▶ _Task objective_:
When duplicating the records beneath this instruction, omit every picture and keep all else exact.
*** Dataset
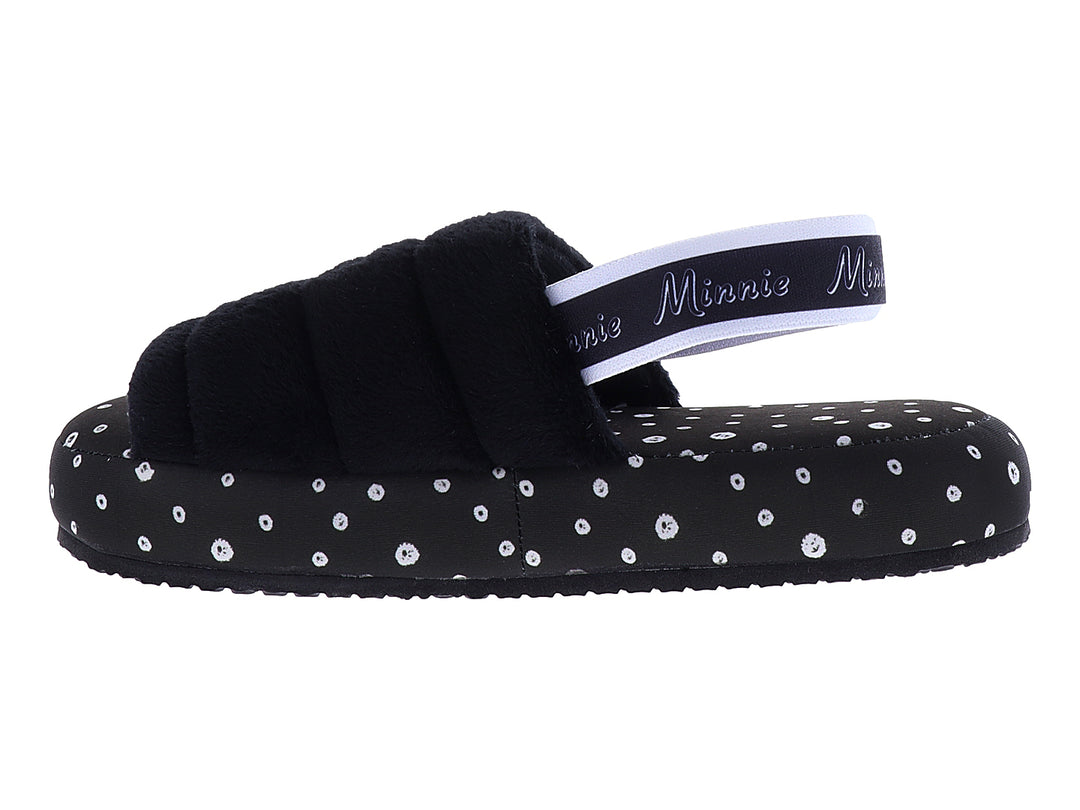 Pantuflas ARRA Minnie Mouse Negro para Mujer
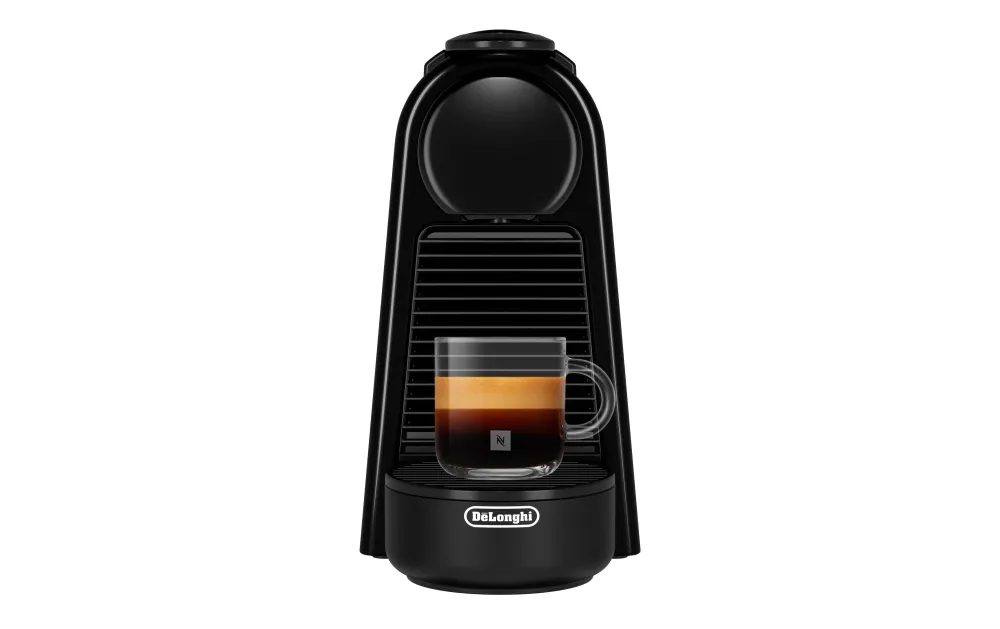 De’Longhi De'Longhi Essenza Mini EN85.BKMT Macchina capsule – per Nespresso, 0,6 l, nero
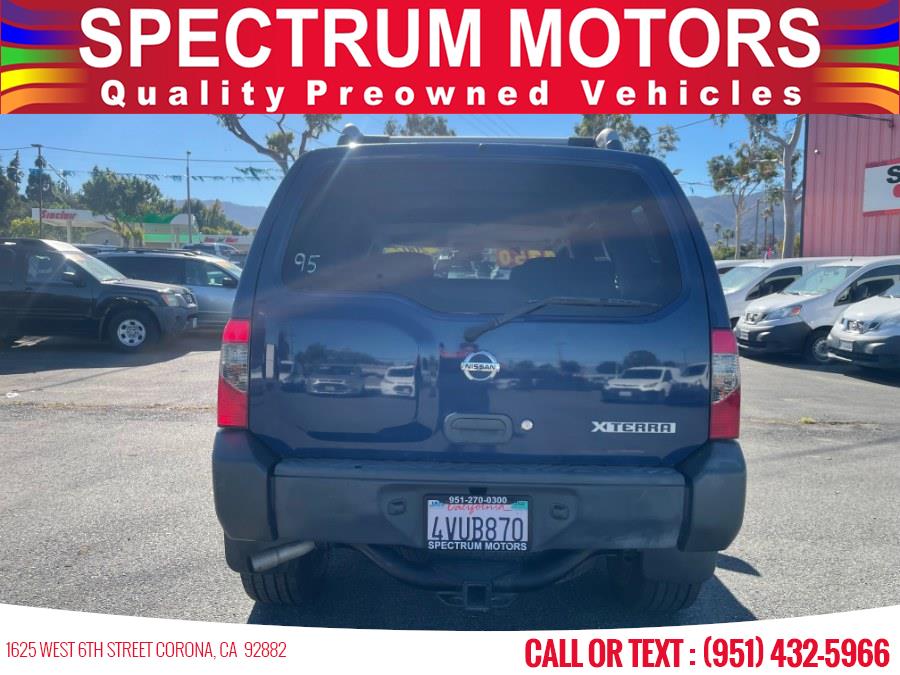 2002 Nissan Xterra 4dr SE 2WD V6 Auto, available for sale in Corona, California | Spectrum Motors. Corona, California 2002 Nissan Xterra 4dr SE 2WD V6 Auto, available for sale in Corona, California | Spectrum Motors. Corona, California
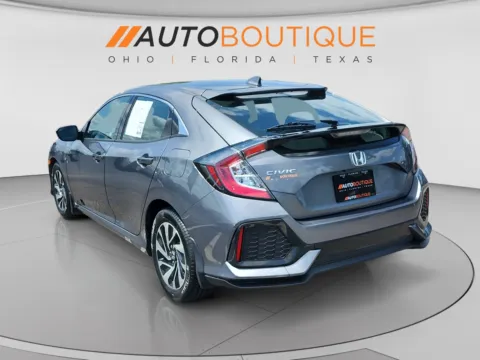 Another view of 2018 Honda Civic Hatchback LX for sale in Columbus, OH at Auto Boutique Ohio
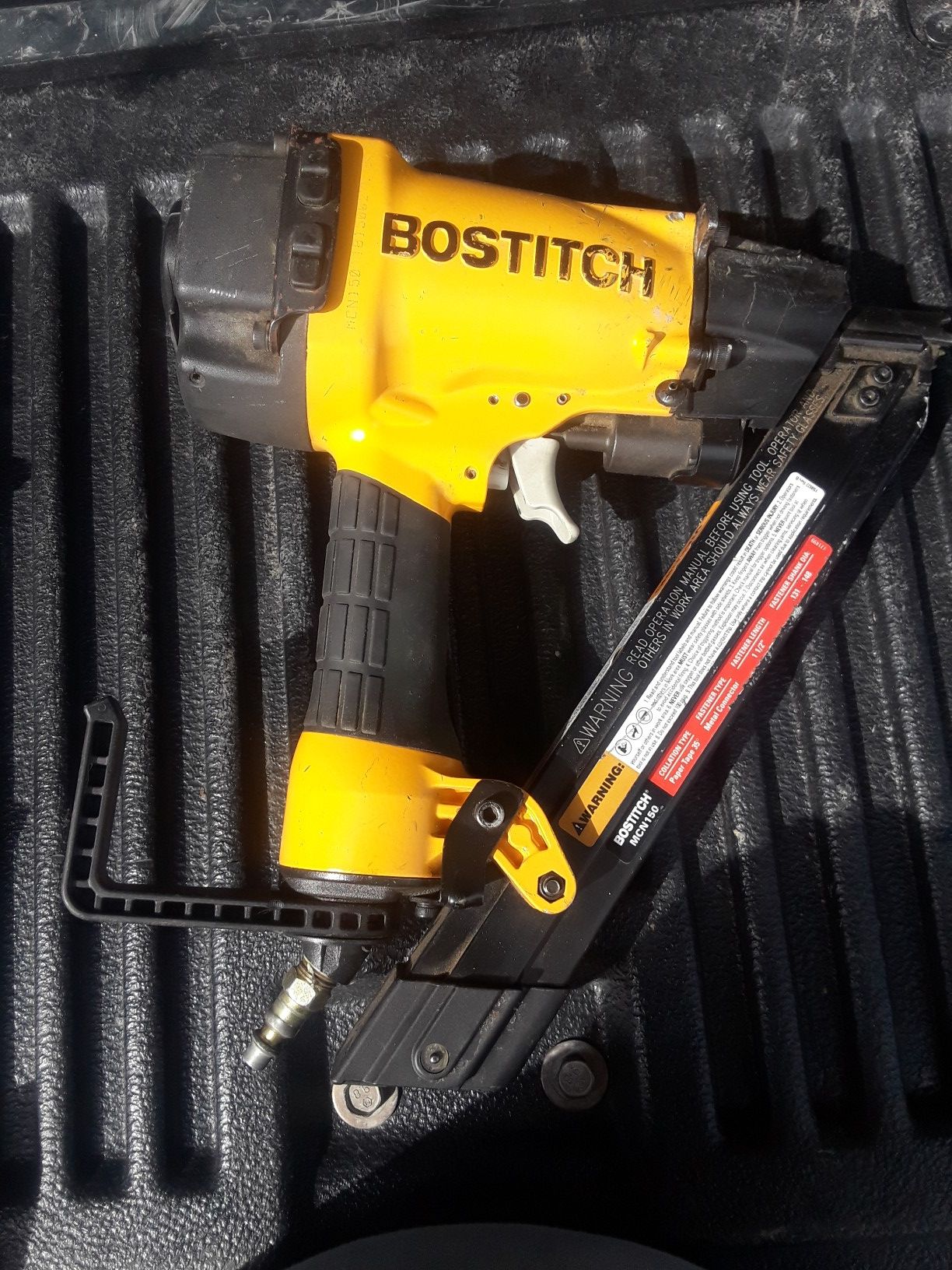 Black and Decker Firestorm 12V cordless nail gun for Sale in Arlington, TX  - OfferUp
******
▶ _Answer box_:
 Pantuflas ARRA Minnie Mouse Negro para Mujer
 De’Longhi De'Longhi Essenza Mini EN85.BKMT Macchina capsule – per Nespresso, 0,6 l, nero
 2002 Nissan Xterra 4dr SE 2WD V6 Auto, available for sale in Corona, California | Spectrum Motors. Corona, California 2002 Nissan Xterra 4dr SE 2WD V6 Auto, available for sale in Corona, California | Spectrum Motors. Corona, California
 Another view of 2018 Honda Civic Hatchback LX for sale in Columbus, OH at Auto Boutique Ohio
 Black and Decker Firestorm 12V cordless nail gun for Sale in Arlington, TX  - OfferUp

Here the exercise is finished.